Marlins Park Season Attendance To Fall 500,000 Short Of Preseason Projections
The Marlins' final attendance in their first year at Marlins Park “will fall short of expectations by about 500,000 fans," according to sources cited in a front-page piece by Clark Spencer of the MIAMI HERALD. While Marlins Park “received mostly high marks for its distinctive looks and fan friendliness, just two games were sellouts in the 37,000-seat stadium." The Marlins will total "more than two million in home attendance for only the third time in franchise history," but the grand sum after today’s finale against the Mets “will represent the lowest figure" of any of the 11 major league ballparks that have opened since ’01. Marlins President David Samson said, “We were just never able to get any momentum on the field, and that impacted attendance.” Spencer writes Marlins officials for years "used the 'build it and they will come' mantra in their pitch for public funding to build a new climate-controlled ballpark with a retractable roof." But after a "robust inaugural" in April, "large sections of empty seats became the norm." Once the "novelty wears off, new ballparks almost always experience attendance declines" in their second season. Meanwhile, Samson acknowledged that the ballpark's cooling system "is a work in progress, as some seats located near the air vents can be unbearably chilly." Also, the sound system "is not crystal clear in some reaches of the ballpark, making it difficult to understand." But Samson said that "positives at the new ballpark far outweighed the negatives." He added that the Clevelander club in left field "was a big hit." Spencer: "So was Bobblehead Museum on the main concourse, as well as the Home Run Sculpture in left center." Additionally, the "parking hassles that plagued the ballpark at the start of the season subsided as fans got to know their way around" (MIAMI HERALD, 10/3).

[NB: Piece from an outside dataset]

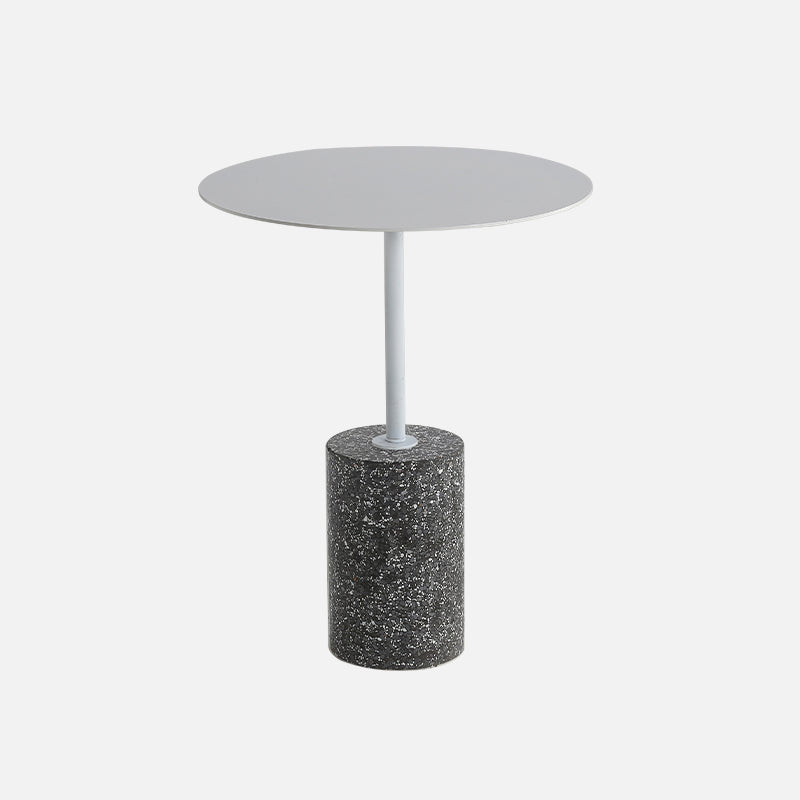 Contemporary Metal Round Side End Table with Single Terrazzo Base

REDEMPTION SONG: Spencer in a separate piece noted Adam Greenberg, who signed a one-day contract with the Marlins last week, recieved his first official MLB at-bat last night after striking out against Mets P R.A. Dickey. The at-bat “lasted all of 33 seconds,” but the Marlins Park crowd of 29,709 “offered him a standing ovation” (MIAMI HERALD, 10/3). Greenberg said of striking out, “The one thing that I knew that I was going to go up swinging, going down swinging, one way or another” ("Today," NBC, 10/3). Greenberg: “It was magical. The energy that was in the stadium was something that I have never experienced in my life, and I don’t know if I’ll ever experience that again” (N.Y. TIMES, 10/3). In Ft. Lauderdale, Mike Berardino notes Greenberg “had planned to do a curtain call, to acknowledge everyone who helped him get here." Greenberg wanted to recognize "not just the 29,709 in the stands at Marlins Park, but those 26,000 fans who signed an online petition at OneAtBat.com.” But then he “figured he really shouldn’t do that after striking out, so that was saved until the game ended two hours later” (South Florida SUN-SENTINEL, 10/3).